/Lyft lost $911 million on $2.1 billion in revenue last year, but sees sales growing faster than losses – CNBC

Lyft lost $911 million on $2.1 billion in revenue last year, but sees sales growing faster than losses – CNBC

Lyft released its long-awaited IPO prospectus Friday, revealing that the Uber archrival lost $911 million on $2.1 billion in revenue last year. The No. 2 ride-hailing company, however, expects sales to grow faster than losses, and it posted a growing share of the market.

Lyft is likely to be among the first of a hefty class of 2019 public offerings. The company, which has been racing against Uber to the IPO market, is seeking to go public on the Nasdaq under the ticker symbol LYFT.

The company has been clawing market share from industry leader Uber, according to the filing. Lyft claimed 39 percent of the U.S. market at the end 2018, up 17 percentage points over two years.

Here’s how the company said it did in 2018:

  • Net loss: $911 million, an increase of 32 percent from 2017
  • Revenue: $2.2 billion, double the revenue it saw in 2017
  • Bookings: $8.1 billion, an increase of 76 percent from 2017

Lyft didn’t specify the amount it hopes to raise in the public offering, instead opting for a placeholder amount of $100 million.

Reuters reported earlier that Lyft expects to be valued between $20 billion and $25 billion in its IPO. Uber, which has been releasing unaudited financials for several quarters, was said to seek valuation as high as $120 billion for its upcoming IPO, according to The Wall Street Journal.

Lyft has seen strong growth in both active riders — the number of users who take at least one ride per quarter — and total rides per quarter.
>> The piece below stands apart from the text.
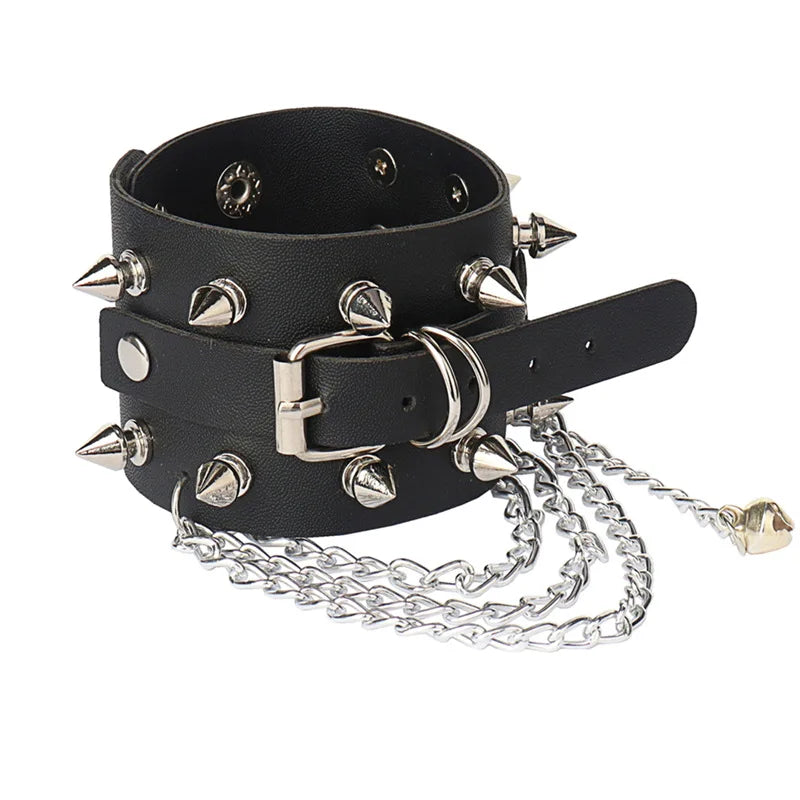 Skull Punk Gothic Rock Leather Wristband Bracelet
Average revenue per active user has grown at a less consistent pace, reflecting pricing experiments. Lyft frequently offers discounts to customers who have fallen off from regular use, and recently introduced a membership service.

Japanese ad-tech company Rakuten stands to see the largest windfall from a successful IPO. The company owns 13 percent of Lyft, followed by General Motors‘ 7.8 percent stake and Fidelity’s 7.7 percent. Venture firm Andreessen Horowitz owns 6.3 percent, and Alphabet owns 5.3 percent.

Co-founders Logan Green and John Zimmer will maintain a “concentrated control” of voting shares through a dual-class system, according to the filing. The prospectus doesn’t specify what percentage of the voting class Green and Zimmer will own, but a person familiar with the plans told CNBC their combined stakes would constitute less than 50 percent of the voting power.

The company’s drivers will also stand to benefit. Lyft drivers who are “in good standing” will be granted a one-time cash bonus of $1,000 to $10,000 depending on how many rides they’ve completed. The drivers can choose to use that bonus to purchase shares in the company through a directed share program.

Lyft has been named to the CNBC Disruptor 50 List three times, ranking fifth on the 2018 list.

J.P. Morgan, Credit Suisse and Jefferies are the lead underwriters of the offering.

Clarification: This story has been updated to remove an incorrect time span for Lyft’s bookings. The $8.1 billion in bookings was for 2018.

—CNBC’s Deirdre Bosa contributed to this report.